INSTRUCTIONS FOR THE TASK
Transcribe the data below exactly, but only from the line containing "Рыбалка на Хариуса р. Уба смотреть онлайн" through its final line, both included.

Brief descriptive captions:
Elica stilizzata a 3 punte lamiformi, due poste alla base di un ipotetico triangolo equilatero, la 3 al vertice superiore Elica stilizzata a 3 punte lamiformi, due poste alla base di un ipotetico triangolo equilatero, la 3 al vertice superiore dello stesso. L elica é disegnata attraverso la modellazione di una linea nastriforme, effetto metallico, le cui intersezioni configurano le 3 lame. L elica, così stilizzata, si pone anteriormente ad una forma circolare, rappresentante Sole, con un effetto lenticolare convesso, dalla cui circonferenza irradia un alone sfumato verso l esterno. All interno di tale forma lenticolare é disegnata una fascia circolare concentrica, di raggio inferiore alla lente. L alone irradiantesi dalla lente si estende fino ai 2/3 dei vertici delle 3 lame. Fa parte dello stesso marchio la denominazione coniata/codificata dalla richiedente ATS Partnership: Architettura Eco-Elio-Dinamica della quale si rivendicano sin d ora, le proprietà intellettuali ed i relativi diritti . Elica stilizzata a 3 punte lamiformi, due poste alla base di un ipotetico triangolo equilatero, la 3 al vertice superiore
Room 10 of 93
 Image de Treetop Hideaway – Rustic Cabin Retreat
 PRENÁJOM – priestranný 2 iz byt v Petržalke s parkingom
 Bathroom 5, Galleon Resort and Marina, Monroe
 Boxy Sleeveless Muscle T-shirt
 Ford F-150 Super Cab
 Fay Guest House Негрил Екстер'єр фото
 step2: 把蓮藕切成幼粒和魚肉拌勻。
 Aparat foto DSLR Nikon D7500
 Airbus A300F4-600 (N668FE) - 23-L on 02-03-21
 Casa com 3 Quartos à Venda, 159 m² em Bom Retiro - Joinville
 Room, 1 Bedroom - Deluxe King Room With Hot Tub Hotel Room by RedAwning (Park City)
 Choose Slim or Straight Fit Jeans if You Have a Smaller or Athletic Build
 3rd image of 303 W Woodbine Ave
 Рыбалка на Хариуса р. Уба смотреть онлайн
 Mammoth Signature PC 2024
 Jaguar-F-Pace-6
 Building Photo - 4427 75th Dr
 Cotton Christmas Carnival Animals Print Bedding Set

ANSWER
 Рыбалка на Хариуса р. Уба смотреть онлайн
 Mammoth Signature PC 2024
 Jaguar-F-Pace-6
 Building Photo - 4427 75th Dr
 Cotton Christmas Carnival Animals Print Bedding Set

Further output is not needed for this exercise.